YOUR ASSIGNMENT
I'd like the full listing transcribed exactly, with no images included.

MATERIAL PROVIDED
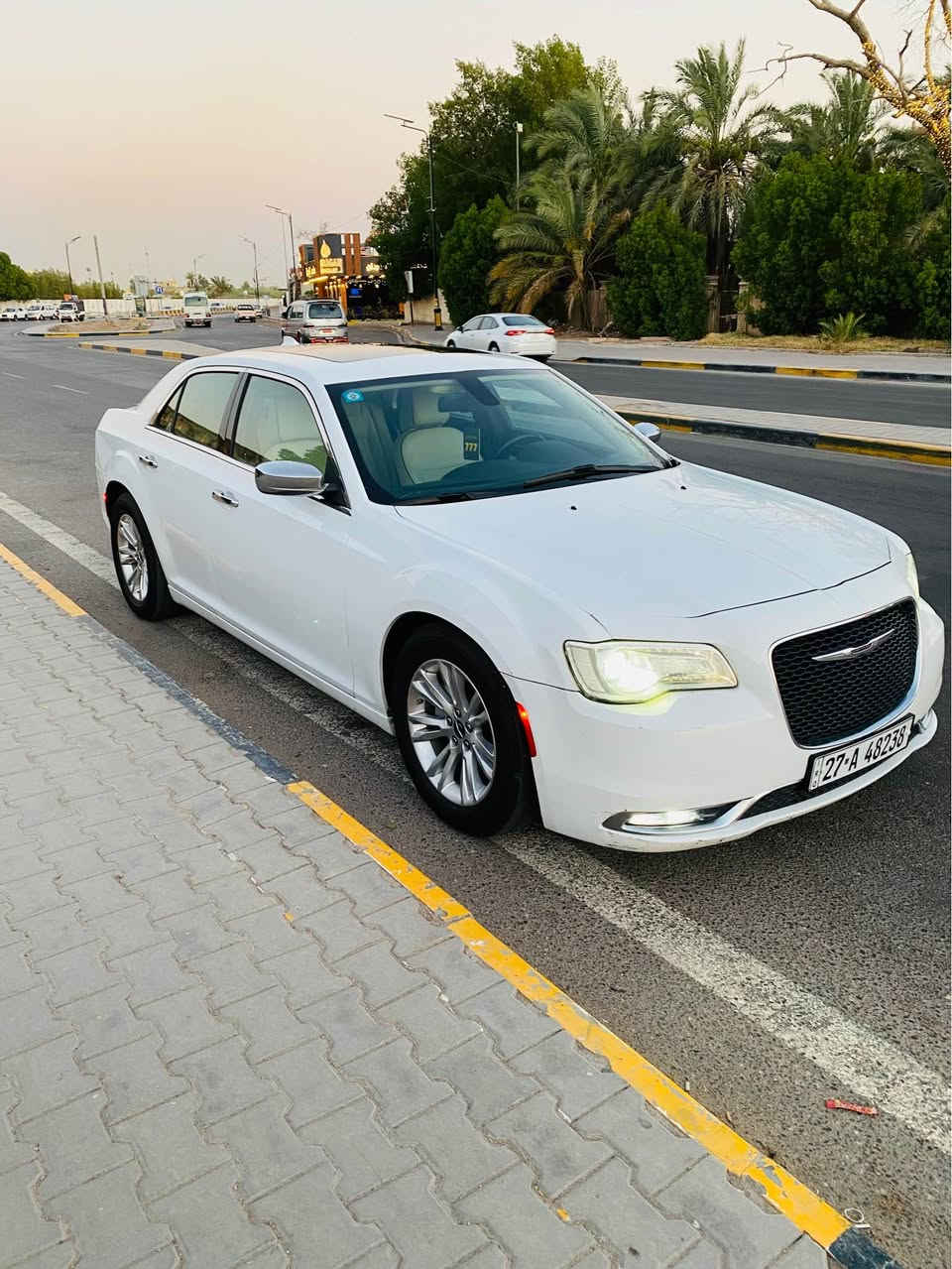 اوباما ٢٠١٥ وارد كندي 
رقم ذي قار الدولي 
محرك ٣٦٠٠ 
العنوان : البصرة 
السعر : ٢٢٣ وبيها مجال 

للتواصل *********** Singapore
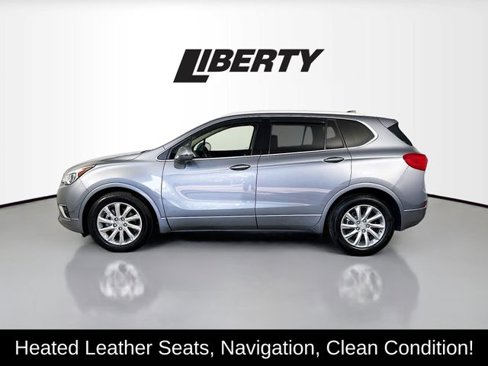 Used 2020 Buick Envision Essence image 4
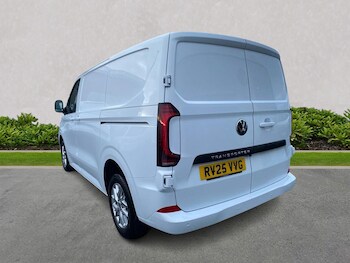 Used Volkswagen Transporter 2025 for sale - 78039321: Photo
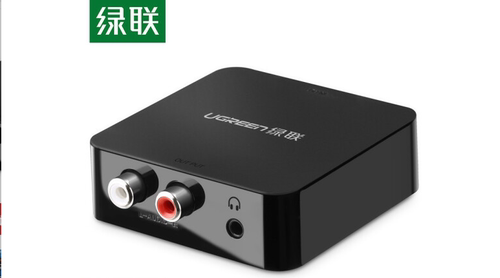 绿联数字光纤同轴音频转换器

RESPONSE TO THE TASK
 اوباما ٢٠١٥ وارد كندي 
رقم ذي قار الدولي 
محرك ٣٦٠٠ 
العنوان : البصرة 
السعر : ٢٢٣ وبيها مجال 

للتواصل *********** Singapore
 Used 2020 Buick Envision Essence image 4
 Used Volkswagen Transporter 2025 for sale - 78039321: Photo
 绿联数字光纤同轴音频转换器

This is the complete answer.